This Is ItはMJへの愛に溢れていた

「こんなにまで、観て来た人全員がひとっことも悪い事言わない映画もないよな」と、観に行こうかどうしようか考えてい時にふと思った。
皆さんもきっとそう思うだろうが、信者が愚痴の1つもこぼさない宗教というのは胡散臭いものである。まして、マイケル・ジャクソン
そう、自分が特に若い頃見て来たマイケル・ジャクソンのファンは、とことん彼をくささない。そのあたりが、興味はあるがどうも距離を置いて聴いてしまうゆえんだったのだと思う。


以前のエントリーで、自分が彼の人生について同情的である事は書いたが、これはもう今後、ずっとそういう見方であると思う。
彼が死の直前幸福だったか不幸だったか、多分それが彼の人生のトータル勘定という事になるのだろうが、それはマイケル本人にしか分からない事だろう。
幸か不幸かはさておいて、彼はついに実現しなかったコンサートツアーを前に、すったもんだしている契約の問題云々に煩わされつつも、「やるからにはものすごいものを」という意気込みと希望があっただろう。そして、不安でもあっただろう。
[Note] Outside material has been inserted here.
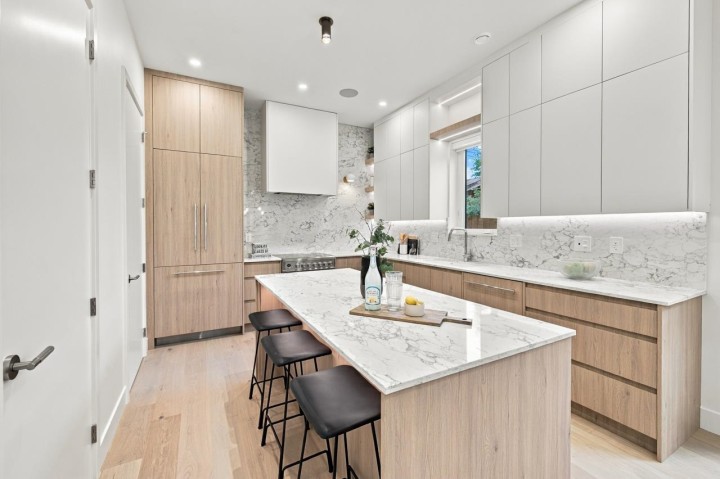 Photo 8 at 2 - 2509 Kitchener Street, Renfrew VE, Vancouver East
コントロール・フリークは不安の病だ。そしてフィルムは、割と容赦なくマイケルのコントロール・フリークぶりを見せる。
しかし、マイケルはあくまでお行儀よく、忍耐強く、しっかり自己抑制を利かせて毅然と駄目出しをする。バンドが思い通りにならなかったからと、無言で癇癪起こしてギターを床に投げつけてスタジオから出て行ったエピソードをお持ちのどっかの殿下とはえらい違いである。
「怒ってるんじゃない。愛だよ」ってなぁ。
本当に、それじゃ長生きできるはずがなかったよMJ。現場の全員が認めている。誰よりもどうするのがいいか分かっているのが彼だと。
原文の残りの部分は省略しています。